At Bolivia’s largest museum, perched on a hill in an isolated Andean village, one item stands out. It is a replica of a makeshift football covered in white cloth that Bolivia’s President Evo Morales used to play with as a small child, in between school lessons and herding llamas on the chilly plateau.
The $7.2m museum is dedicated to explaining the extraordinary rise of Mr Morales — Latin America’s longest-sitting president — from a childhood being raised in a hut on the breezy shores of Lake Poopó to spending nearly 14 years as president. He now runs the country from a 25-storey presidential palace he built in the capital La Paz.
Mr Morales was one of a generation of leftwing leaders who came to power in the first decade of the century and surfed the wave of the China-led commodities boom to push more redistributive policies.
The bright hopes that many of his peers raised have since been dashed. In Brazil, former president Luiz Inácio Lula da Silva is in jail after being convicted of corruption and the economy has suffered a traumatic fall. The unravelling of Hugo Chávez’s revolution in Venezuela has led to one of the biggest peacetime economic collapses.
Bolivia, however, has continued to prosper, even after commodity prices fell. During Mr Morales’s time in office, the country’s gross domestic product has quadrupled.
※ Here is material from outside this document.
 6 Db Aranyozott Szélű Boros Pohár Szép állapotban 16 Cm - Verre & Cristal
“I would never vote for anyone else,” says Walter Vilca, a quinoa and potato farmer from Orinoca, standing outside the wattle-anddaub hut where his “brother president” grew up.
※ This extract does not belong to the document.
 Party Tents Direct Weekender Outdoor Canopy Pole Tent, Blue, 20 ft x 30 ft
He adds that Mr Morales has brought stability to a once-divided country — Bolivia’s presidency had five office-holders in the five years before he took office. Mr Morales also produced tangible improvements in the day-to-day lives of poor Bolivians like himself, fuelling a new sense of dignity.
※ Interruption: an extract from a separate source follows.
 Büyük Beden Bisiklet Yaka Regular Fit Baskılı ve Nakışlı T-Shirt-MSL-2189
“I played with a cloth ball like him. Now, we have a football pitch with synthetic grass here, and food every day,” says Mr Vilca. “We have all we need.”
But as he prepares to run on October 20 for an unprecedented fourth term as president — after what critics believe was a bungled attempt to get around constitutional term limits — Mr Morales faces a series of profound questions.
There are warning signs that the strong economic run could be running out of steam — last year’s 4.2 per cent rise in GDP, according to government statistics, was partly the result of an unsustainably high budget deficit. And in a country where many young people only remember him as president, the 59-year-old leader is facing growing criticism that he is becoming autocratic.
Opponents say he holds sway over the courts and accuse members of his government of corruption. With no named heir-apparent, some allies worry about a cult of personality around Mr Morales — the sort of uncritical admiration that finds expression in expensive museums and shiny presidential palaces.
“Politics is not a profession, it is a lasting passion for the people,” Mr Morales tells the Financial Times, adding that “it is a request from the Bolivian people” that he runs again. “People tell me, ‘Evo, if you do well, we’ll do well’.”
Comments like these have alienated a section of the president’s support. While political opponents warn about the risks to Bolivia’s democracy. “If we continue with Señor Morales as president, we will go from authoritarianism to dictatorship,” says Carlos Mesa, a former president and his main election challenger.
“Bolivia is not on the path to becoming Venezuela,” says a foreign diplomat in La Paz. “But its democratic credentials are definitely being tested.”
Mr Morales is ethnically an Aymara — one of Bolivia’s main groups, which make up roughly two-thirds of its 11m population. He was the first indigenous president of a country traditionally ruled by members of the small group of white citizens or the larger minority of mestizo Bolivians, whose ancestry includes Europeans and indigenous people. Until Mr Morales took office, the indigenous majority were often treated as second-class citizens.
It was his connection to the rural poor, those such as Mr Vilca, that secured his first presidential term with 54 per cent of the vote. He built on that to win again in 2009 with 64 per cent of the vote after the constitution was changed to allow immediate re-election. In 2014, he had the support of 61 per cent of voters.
Those victories were built on a strong economy. The commodity price boom that began in 2003 lifted Bolivia and much of the rest of the region. Yet while neighbours Argentina and Brazil struggled after commodity prices started to fall in 2014, Bolivia has grown at an average of 4.9 per cent a year between 2006 and 2018. The IMF forecasts the Andean nation’s GDP will grow 4 per cent this year, which would once again be the fastest rate in South America.
Unlike other members of Latin America’s “pink tide” of leftwing governments, where economic mismanagement has undermined many of the earlier gains, Bolivia has run prudent macroeconomic policies for much of Mr Morales’s presidency. His government has been more adept than most in the region at managing the commodities windfall.
In gas and mineral-rich Bolivia, the basis of Mr Morales’s economic model — which critics dub a form of “state capitalism”— was to renationalise resources and redistribute tax receipts in order to fuel internal consumption.